What is needed ->
An exact copy is needed of the lines from the one that contains "Photo of Bedroom in Peppermint Grove Beach" through the final line of the data below, with pictures left out.

[Web page caption snippets]
··········

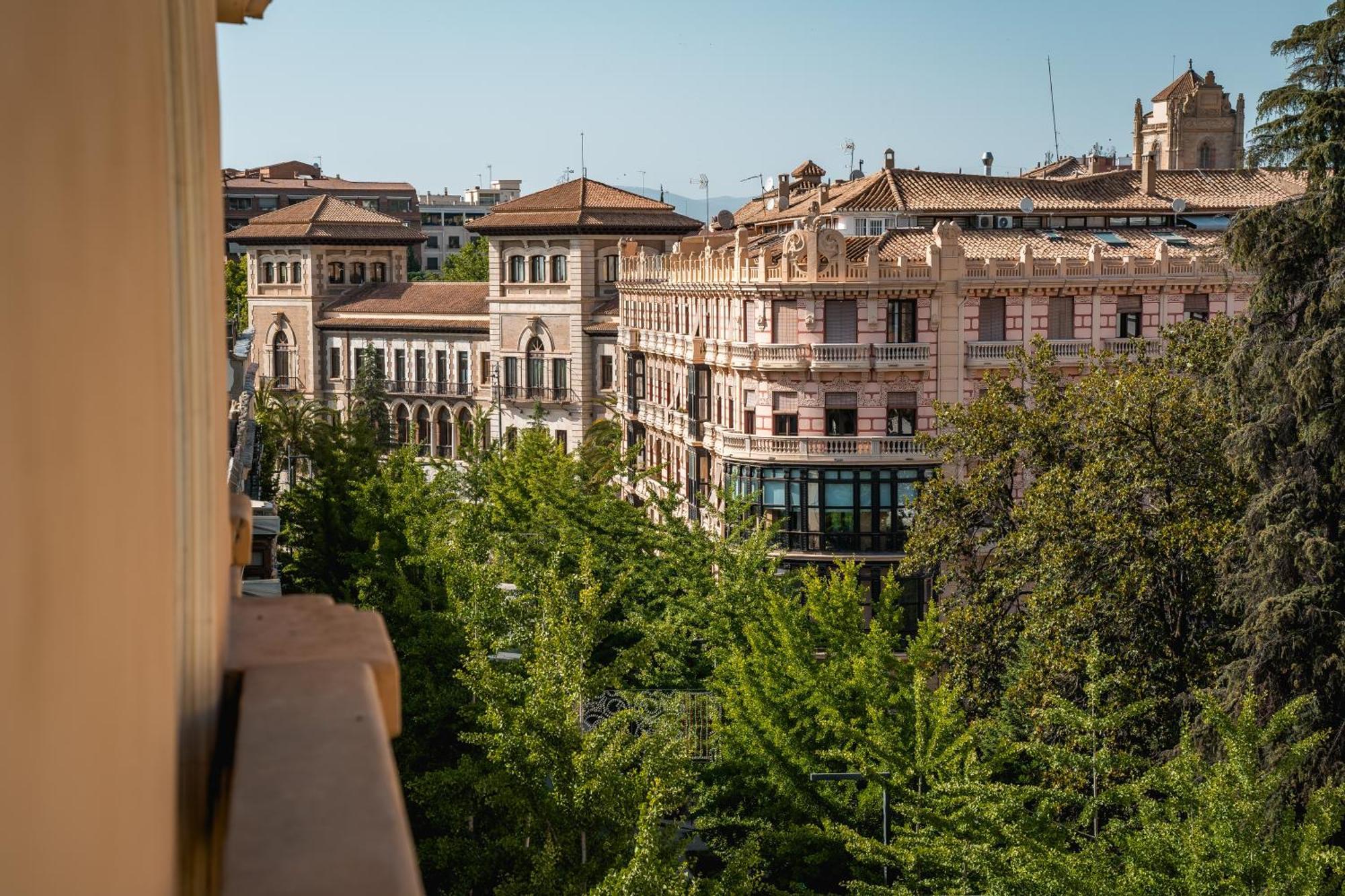 Alisios Gran Via - Toque Nazari Apartment Granada Luaran gambar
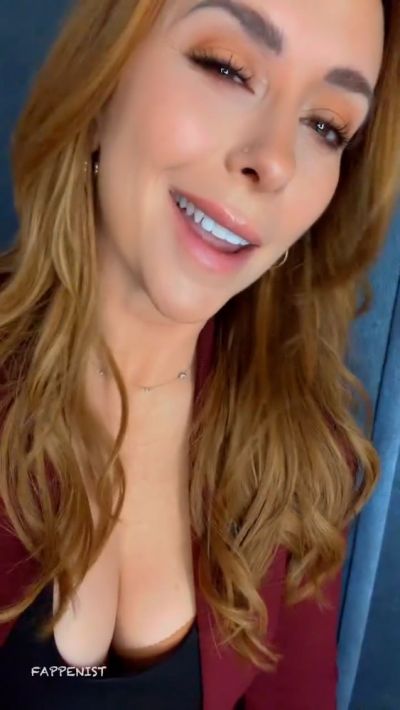 Jennifer Love Hewitt Tits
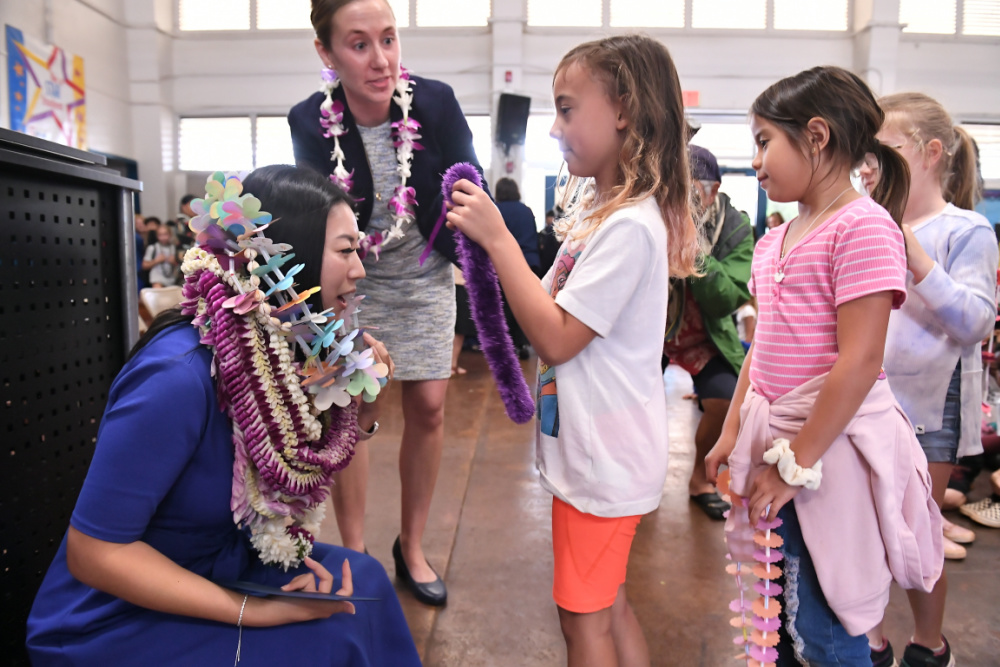 1000w Inouye Esther Kwon students leis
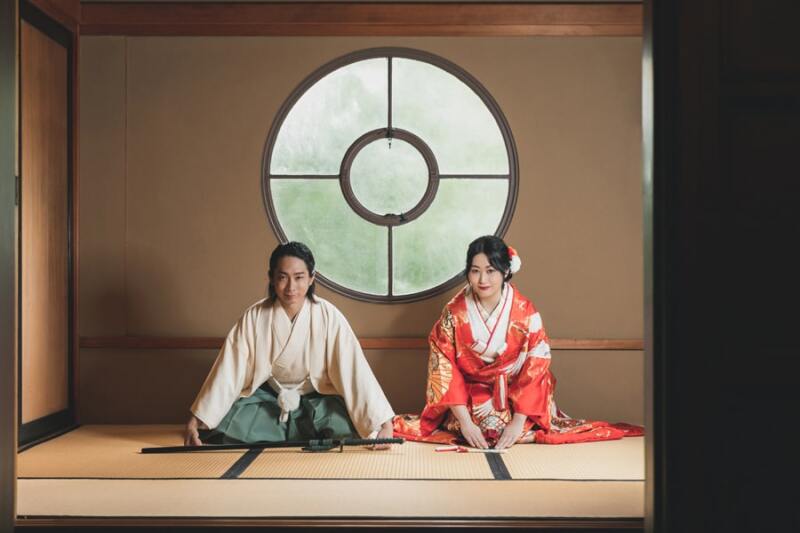 10:40 和装のラストは正座のお写真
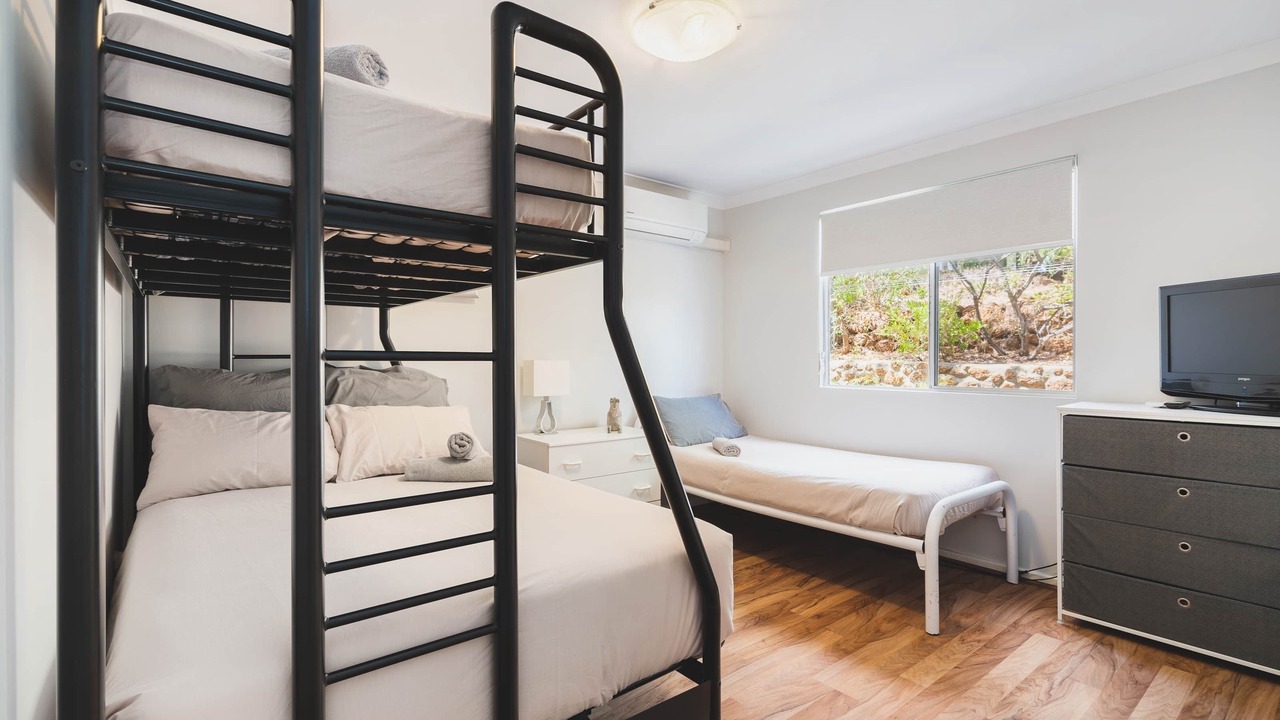 Photo of Bedroom in Peppermint Grove Beach
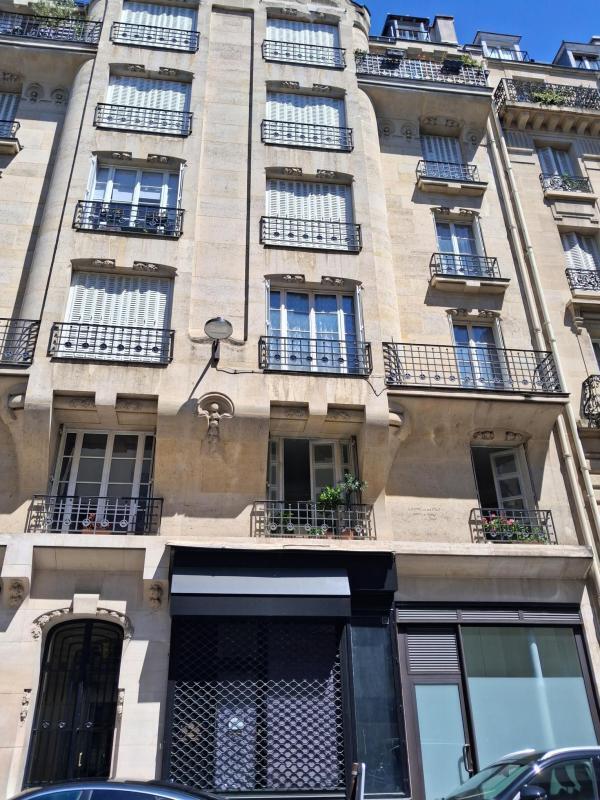 Plus de détails pour Local commercial à vendre
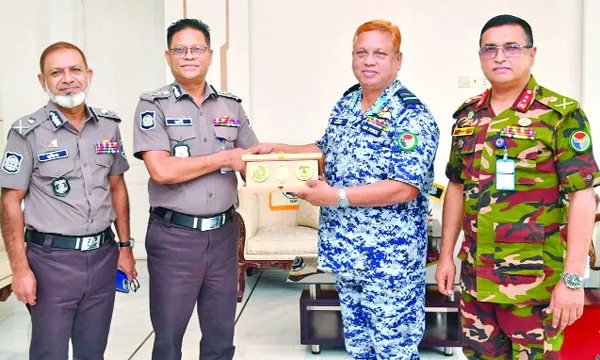 এনডিসি টিমের পুলিশ সদর দফতর পরিদর্শন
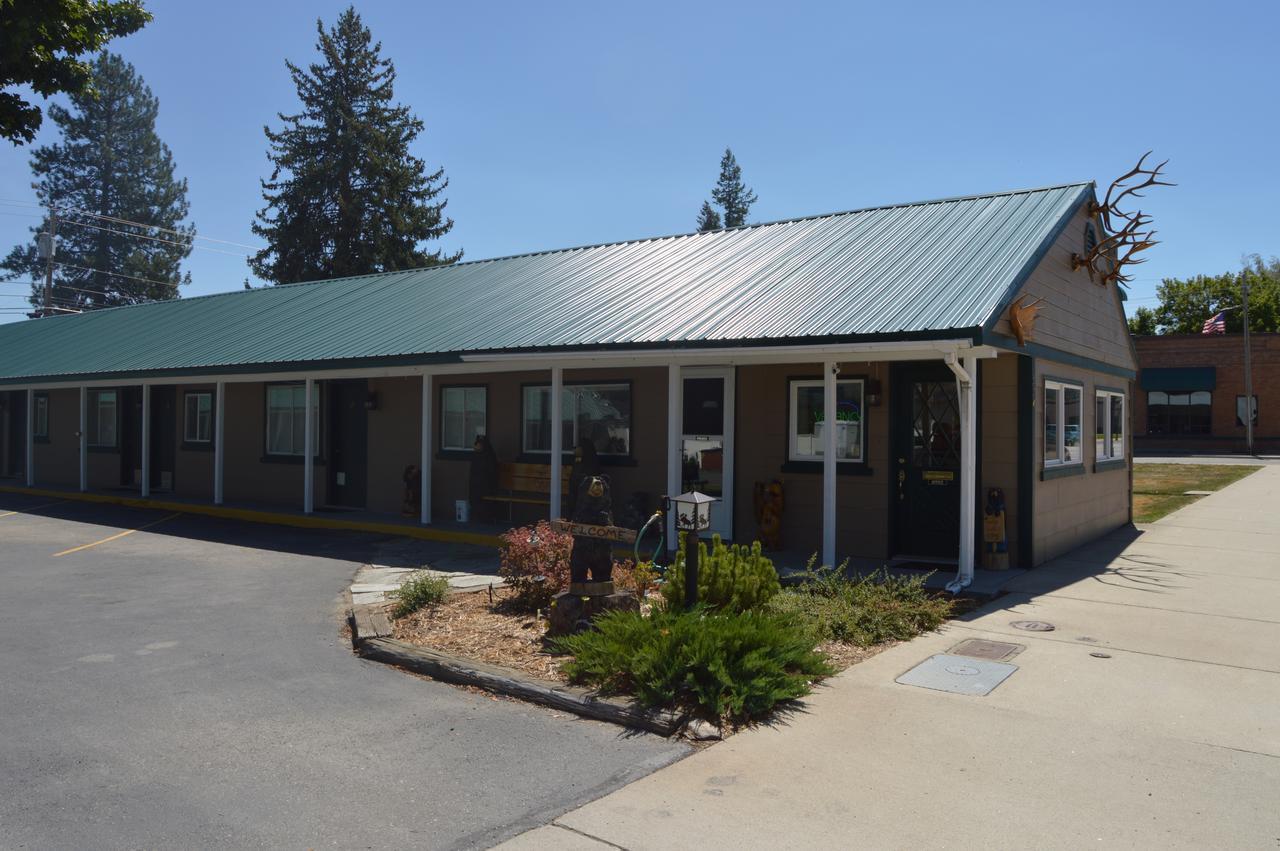 Newport Antler Motel Exterior photo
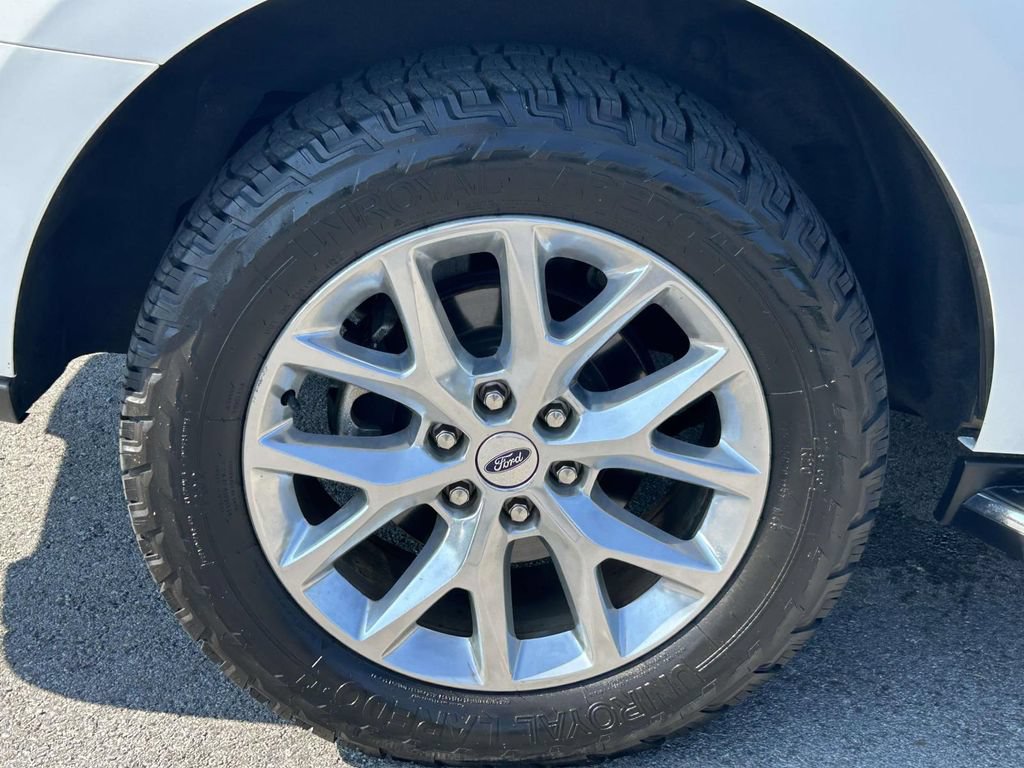 Used 2021 Ford Expedition XLT AWD/4WD image 10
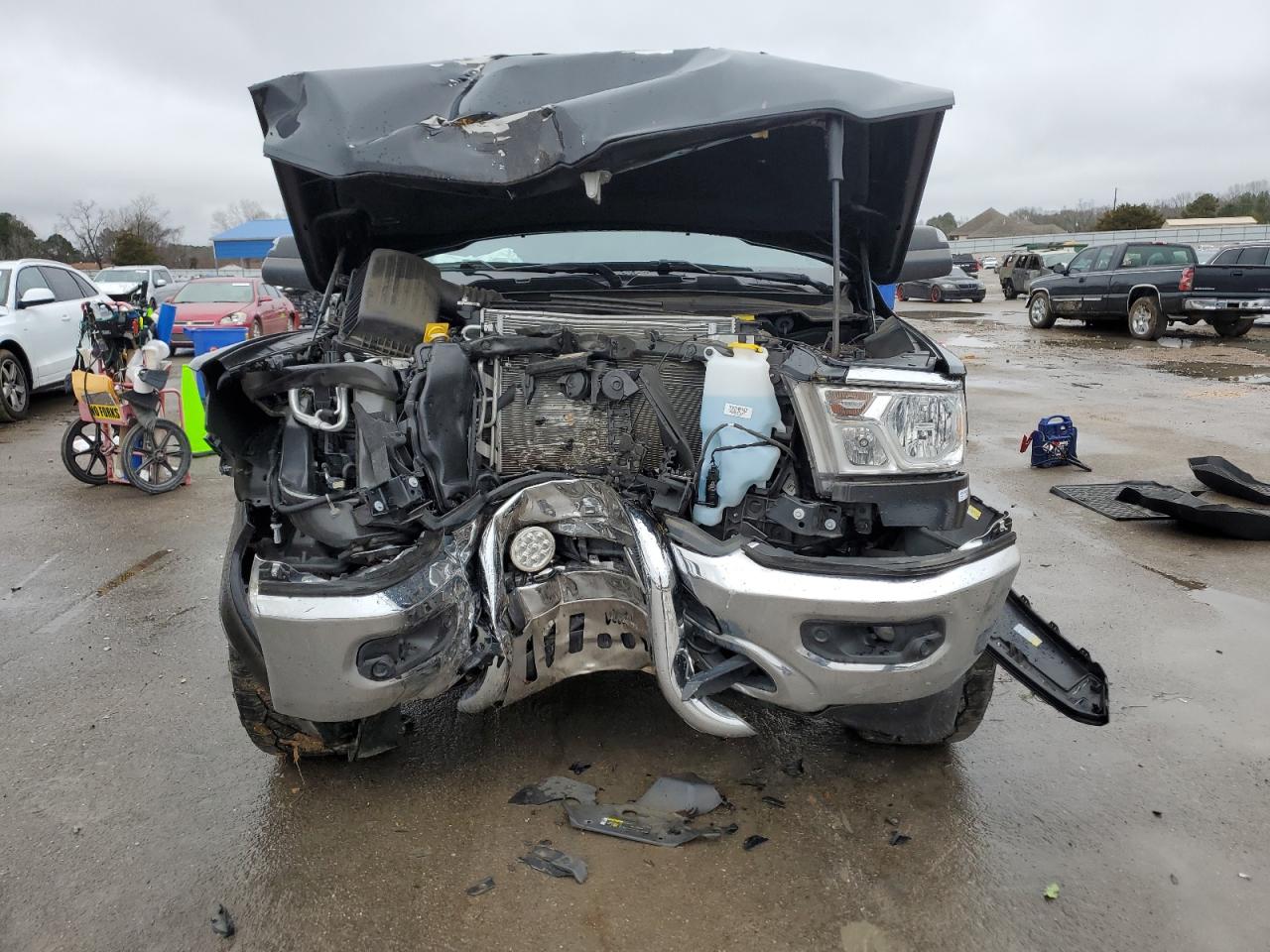 2021 RAM 1500 VIN 1C6SRFFT5MN664068 Copart auction photo, front end / minor dent/scratches damage thumbnail 5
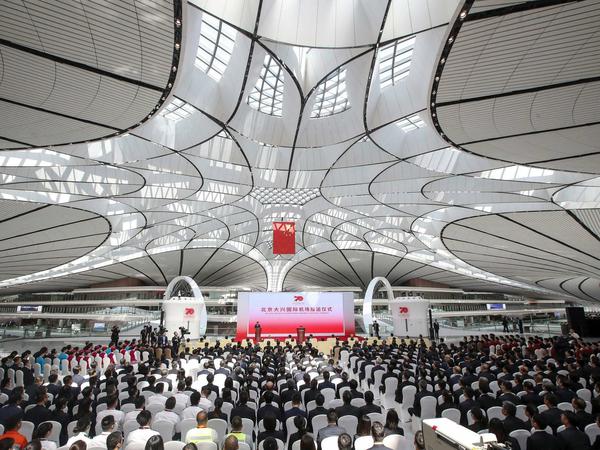 Die Eröffnungsfeier am Flughafen Peking im vergangenen Jahr unter dem seesternförmigen Dach.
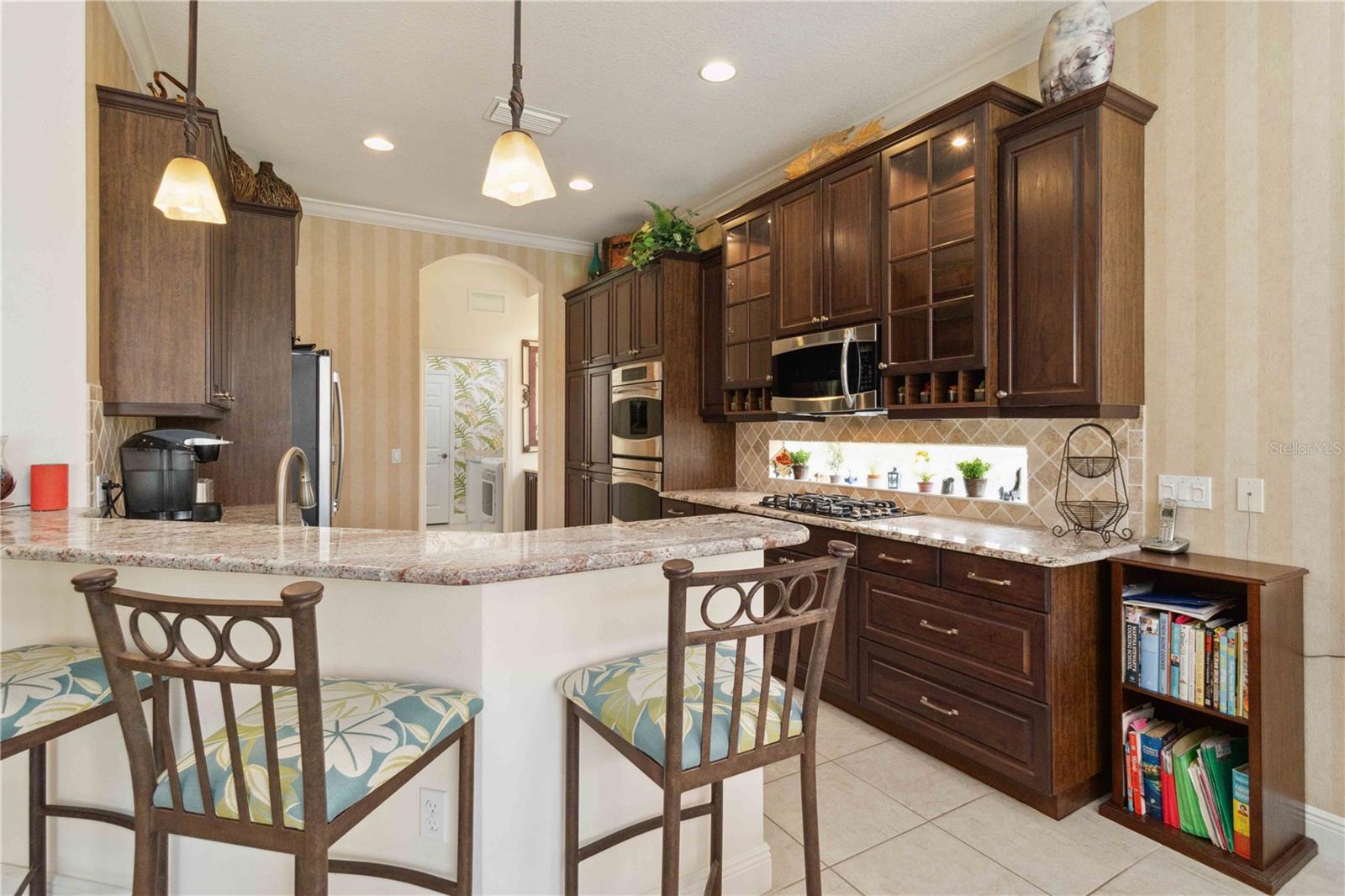 Image 14 of 49 For 12240 Thornhill Court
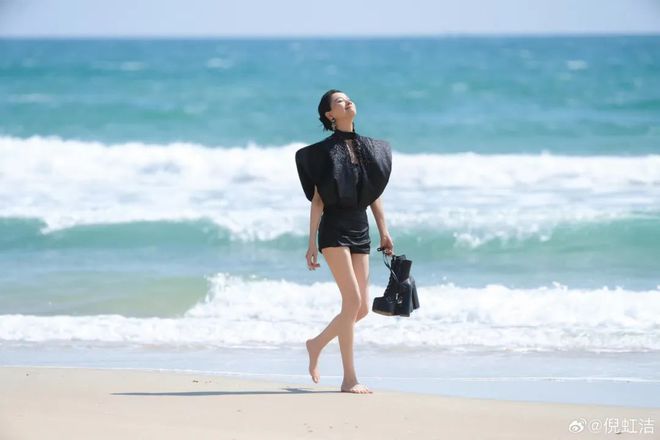 倪虹洁：我想抱抱20年前的祝无双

··········

Response ->
 Photo of Bedroom in Peppermint Grove Beach
 Plus de détails pour Local commercial à vendre
 এনডিসি টিমের পুলিশ সদর দফতর পরিদর্শন
 Newport Antler Motel Exterior photo
 Used 2021 Ford Expedition XLT AWD/4WD image 10
 2021 RAM 1500 VIN 1C6SRFFT5MN664068 Copart auction photo, front end / minor dent/scratches damage thumbnail 5
 Die Eröffnungsfeier am Flughafen Peking im vergangenen Jahr unter dem seesternförmigen Dach.
 Image 14 of 49 For 12240 Thornhill Court
 倪虹洁：我想抱抱20年前的祝无双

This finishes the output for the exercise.